Beware of this! Look for the unpopular, the lonely, the unloved, the people you feel funny around, and love them too, for Christ's sake.
Loving only your relatives or those who can help you--Baxter warns--is "Counterfeit Christian love".
3."It is but counterfeit love to love Christians only for their familiarity, or kind and loving conversation, and civil obliging deportment among men".
The wording is clumsy, but the meaning is clear: Don't love other Christians only because they're nice, friendly, or well-mannered.
Some are. And they're easy to love. They were well-liked before they were saved! Our love is to be deeper than that. We're to love others--again--not because they're nice, but because they belong to Christ.

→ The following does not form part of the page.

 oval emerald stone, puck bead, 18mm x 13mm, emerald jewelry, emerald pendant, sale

Loving others because they're charming or beautiful or smart is a "Counterfeit Christian love".
4."It is but counterfeit love to love them only for being godly [at a distance], so they will not trouble [you] with their godliness, though they do not love those who [know them well] and reprove them".
Again, the wording is fuzzy, but the insight is crystal clear. It's easy to love Christians you don't know and who don't bother you. I know a man who's in love with the Universal Church. He loves every saint--living, dead, and unborn! Every saint, that is, but those he knows well. Loving the Universal Church, he hates every local church he's attended. He loves mankind, it's the people he can't stand!

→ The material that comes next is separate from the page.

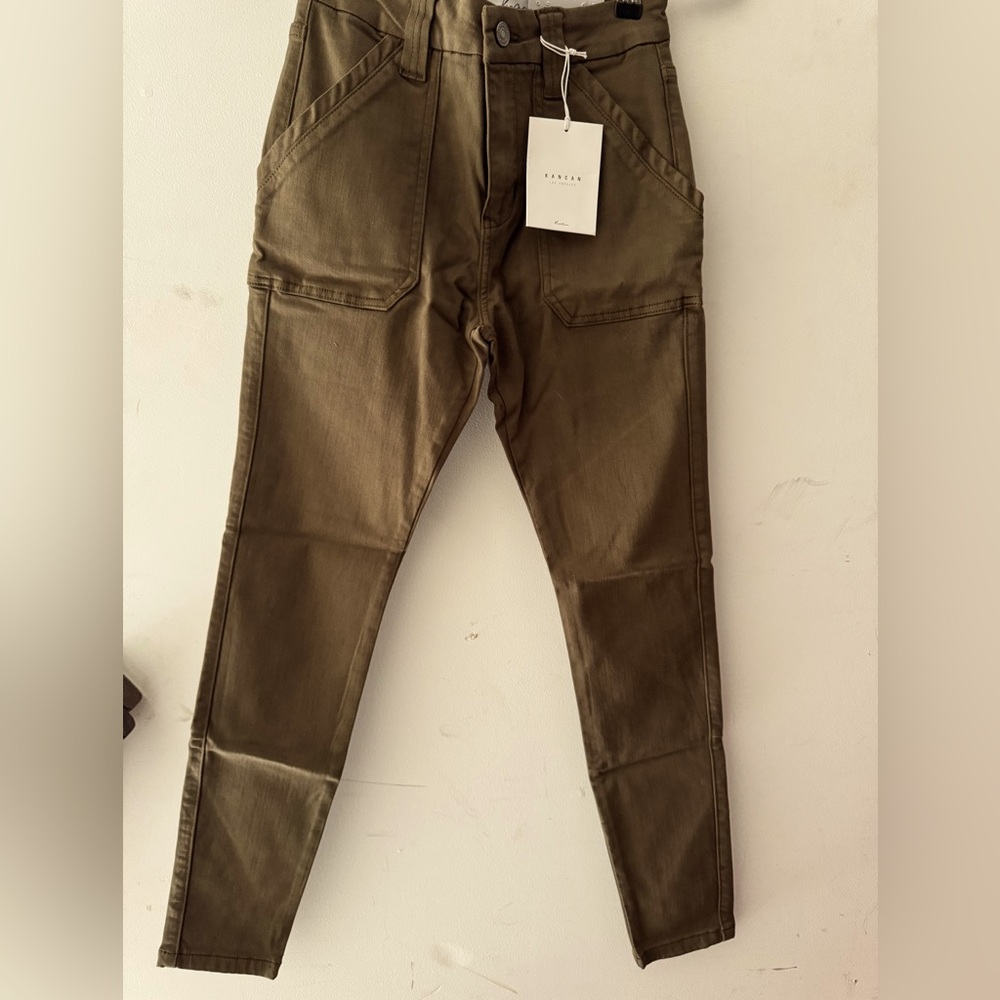 NWT olive green Kancan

That kind of love is a "Counterfeit Christian love".
5."It is but counterfeit love to love them only for holding strict and right opinions".
This is similar to what he said about loving others who belong to your church or group. But here the emphasis is on theological agreement. Loving others--not for Christ's sake--but for the sake of some doctrine.

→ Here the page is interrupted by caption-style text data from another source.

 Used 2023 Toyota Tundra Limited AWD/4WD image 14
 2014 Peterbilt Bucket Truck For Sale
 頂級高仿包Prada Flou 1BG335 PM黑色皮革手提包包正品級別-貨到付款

I think I told you this last week, but it's worth repeating. I once heard a pastor say, "I have more fellowship with the unsaved that with Arminians". I hope he didn't mean that, but I think he did. That tells me he thinks more of his Calvinism than he does of His Savior.
His love may be real, intense, and loyal. But it's not Christian. For loving others because they agree with you on some doctrinal point is a "Counterfeit Christian love".
6."It is but counterfeit love to love them in fits only, as Saul confessed, with tears, to love David; but to have no constant love".
By its very nature, love is a constant and fixed thing. Paul says it "Bears all things, believes all things, hopes all things, and endures all things". In short, "Love never fails".
If it doesn't last, it's not love. Brotherly love should be like a marriage, not an affair. It may not burn white hot, but it's real and lasting. It's based on commitment, not feeling. Loyalty, not emotion.
Warm, consistent love may sound boring, but if you've ever had it, you know it's the best thing in the world.
If it's not a consistent love, it's a "Counterfeit love".
7."Lastly, it is a counterfeit love that costs you nothing".
Love gives. And giving to others takes away from you. It takes away your time, your privacy, your money, your energy, your sympathy, and maybe your life.
This is true of God's love, isn't it? John 3:16. It's also true of our Savior's love. His love redeemed us, but at a terrible cost to Himself, I Peter 1:18-19. Paul's love for the church cost him dearly, II Corinthians 12:15. John's says our love will cost us too, I John 3:16.
That's an easy one. I'd gladly lay down my life for you. You know why? Because I probably won't have to! But then he gets down to the details. This sacrificing love includes things like giving you money when you need it--I John 3:17. . And I might need to do that!
Yet anything less than this--giving up yourself and your things--is a Counterfeit Christian love.
God forgive us our phony love. And turn it into the real thing. For Christ's sake. Amen.